### What this task involves
Copy exactly the lines of the material below that fall between the line with "Inhaltsstoffe von Kosmetika" and the line with "The Chinese Repository 1835-1836: Vol. 4", both of those lines included; pictures stay out.

### The data
-*-*-

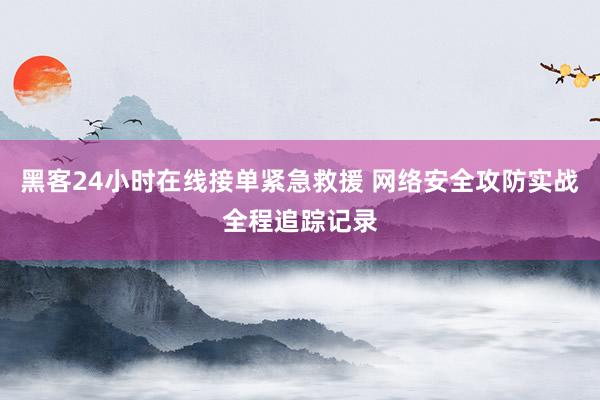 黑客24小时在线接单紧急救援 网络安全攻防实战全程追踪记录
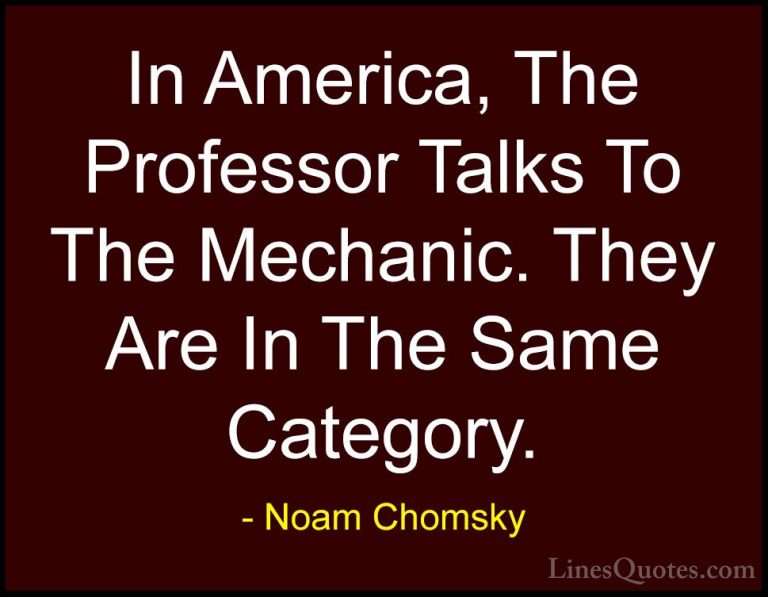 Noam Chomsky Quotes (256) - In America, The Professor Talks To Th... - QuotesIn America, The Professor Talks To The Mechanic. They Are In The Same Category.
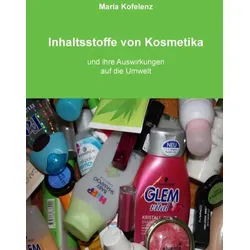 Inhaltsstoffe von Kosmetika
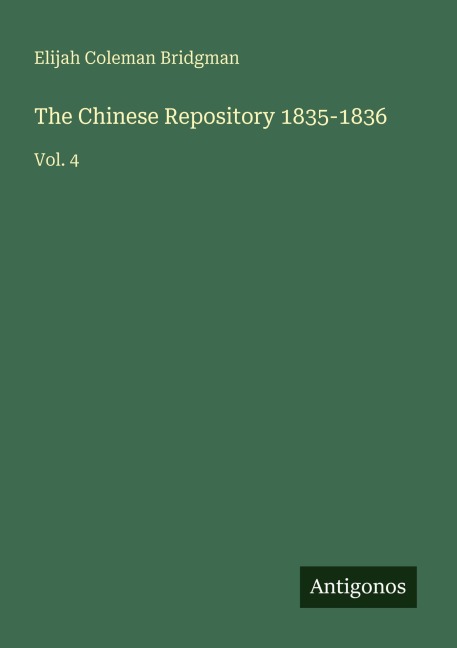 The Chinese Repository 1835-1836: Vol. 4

-*-*-

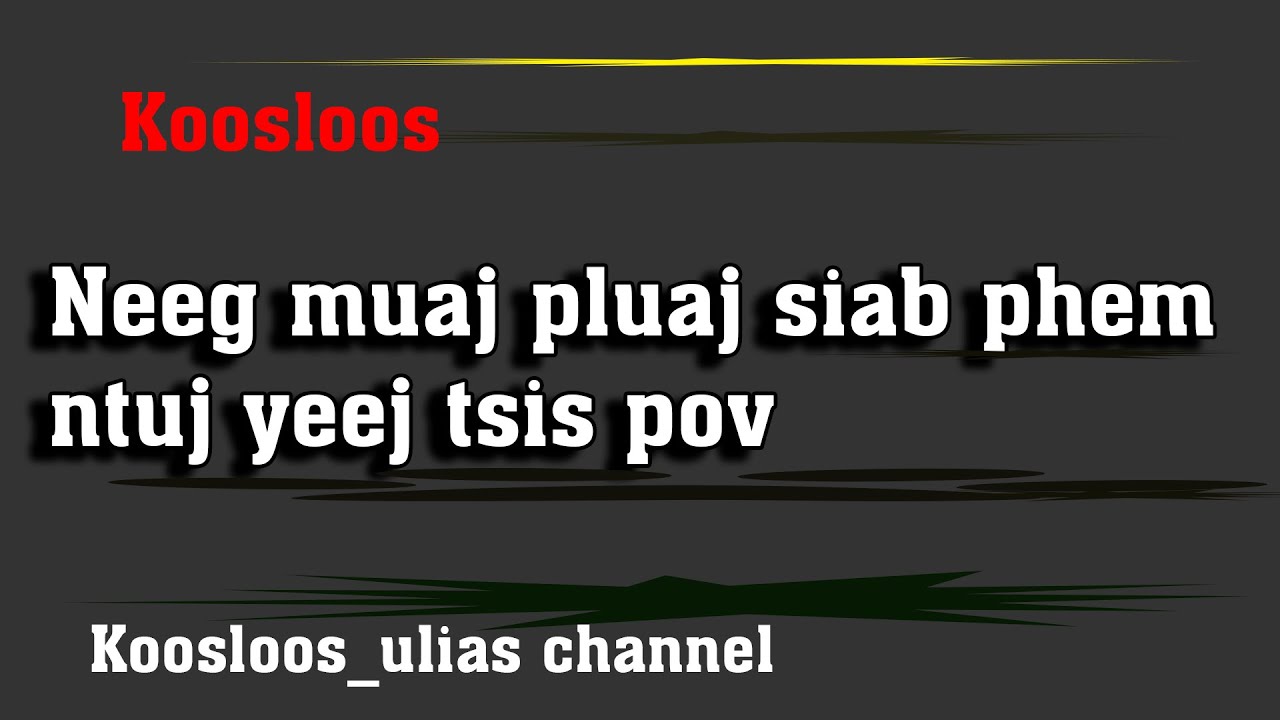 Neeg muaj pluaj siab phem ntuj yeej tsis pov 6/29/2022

-*-*-

### Solved exercise
 Inhaltsstoffe von Kosmetika
 The Chinese Repository 1835-1836: Vol. 4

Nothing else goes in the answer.